The German-American Fulbright Commission was instrumental in the conception of the European Fulbright Diversity Initiative and hosted a conference in Berlin on September 22-23 with the generous support of the Bureau of Educational and Cultural Affairs (ECA) at the US Department of State. ECA as well as Fulbright commissions worldwide strive to ensure that the Fulbright Program reflects the diversity of US society and societies abroad, and they are committed to providing exchange opportunities for all segments of society under the auspices of the Fulbright Program. This event created a unique multinational forum for the various constituencies involved in European Fulbright programs to address a wide range of issues related to the promotion of diversity, equity, and inclusion in Fulbright programming.

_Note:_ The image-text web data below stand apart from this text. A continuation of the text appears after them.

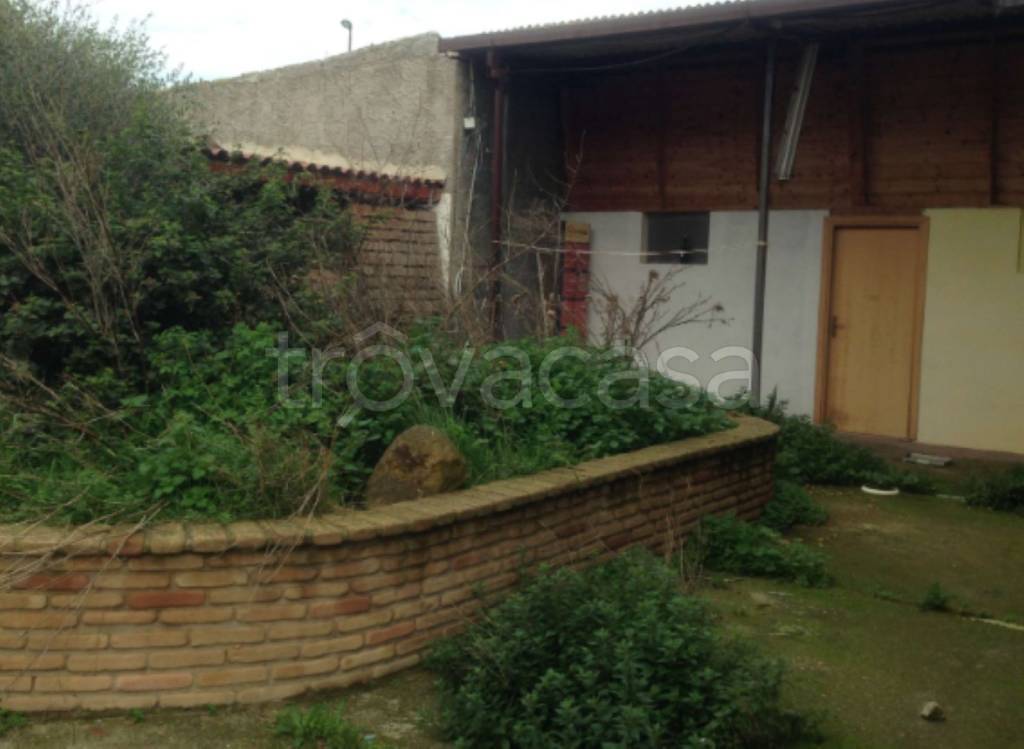 immagine annuncio 3 di 8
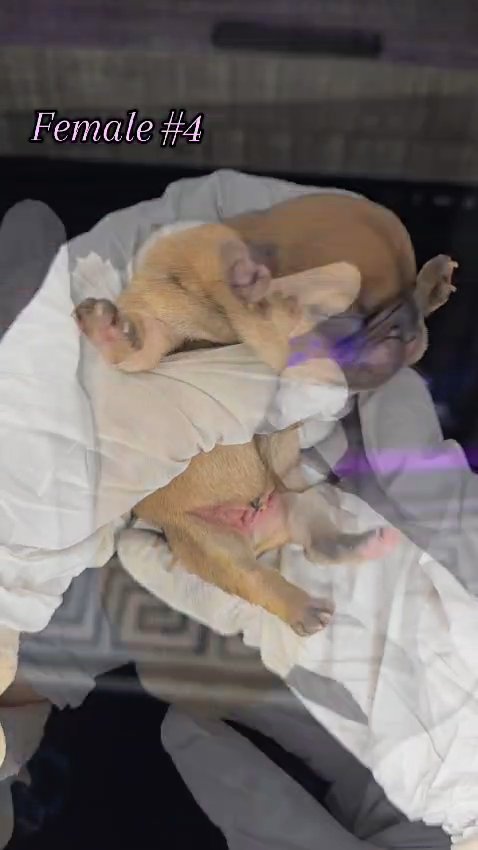frenchie in Lakeland, Florida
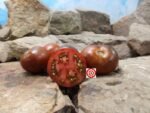 Chestnut Chocolate Tomato by Brad Gates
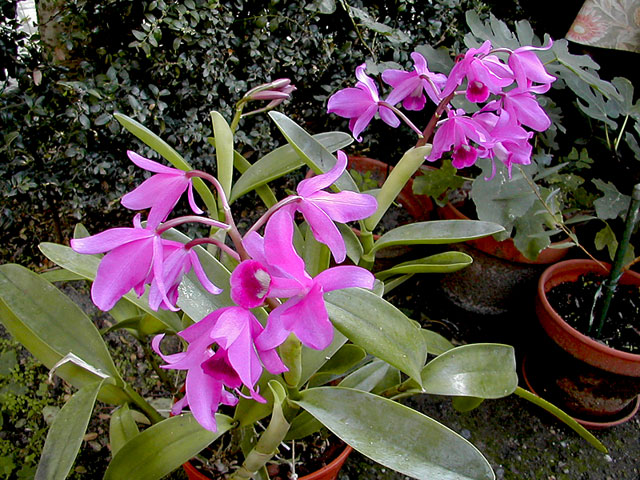 Cattleya_bowringiana1.jpg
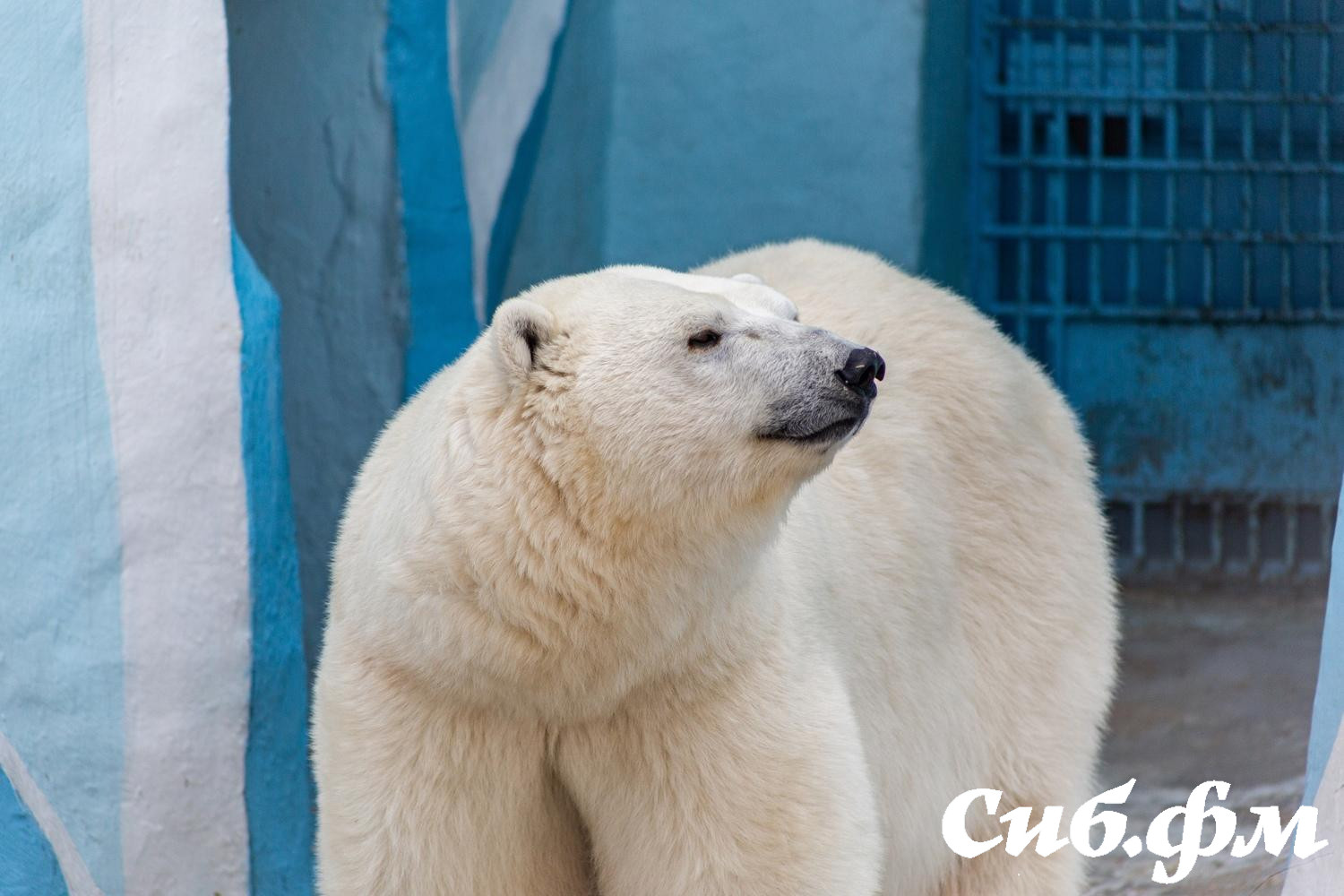 Фото Опубликованы 15 фото белых медвежат Герды из Новосибирского зоопарка 7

The EFDI conference provided an important opportunity to reflect on the social and political challenges of promoting diversity in an array of different cross-cultural and institutional settings on a day-by-day basis. It also created a forum for the executive directors and staff members of European Fulbright commissions to discuss these challenges together with Fulbright grantees and alumni as well as the representatives of ECA and the Institute of International Education (IIE). Discussions ranged from the front-end issues of recruitment and selection to the back-end issues of managing diversity on site in a cross-cultural setting. More than 180 participants from all over Europe, the US, Brazil, and Egypt discussed diversity and inclusion in the context of international education and exchange from a transatlantic and an intercultural perspective. Susanne Hamscha, US and Austrian Scholar Program Officer, and Arwa Elabd, who was an FLTA in 2017-18 at Bowling Green State University in Ohio, represented Fulbright Austria in Berlin and will continue to be involved in the diversity initiative.
The program was a mix of plenary sessions and task force working groups. The plenary sessions, which featured distinguished speakers such as Prof. Gökçe Yurdakul (Georg Simmel Professor of Diversity and Social Conflict, Humboldt University Berlin), Dr. Priscilla Layne (assistant professor of German Studies, UNC-Chapel Hill), and Dr. P. Carl (writer and Distinguished Artist-in-Residence, Emerson College) provided valuable input for the task force working sessions. During the working sessions, executive directors, staff members, alumni, and grantees developed strategies to inform actionable practices in the future, and the commissions will follow up on this initiative online and at meetings in the coming months.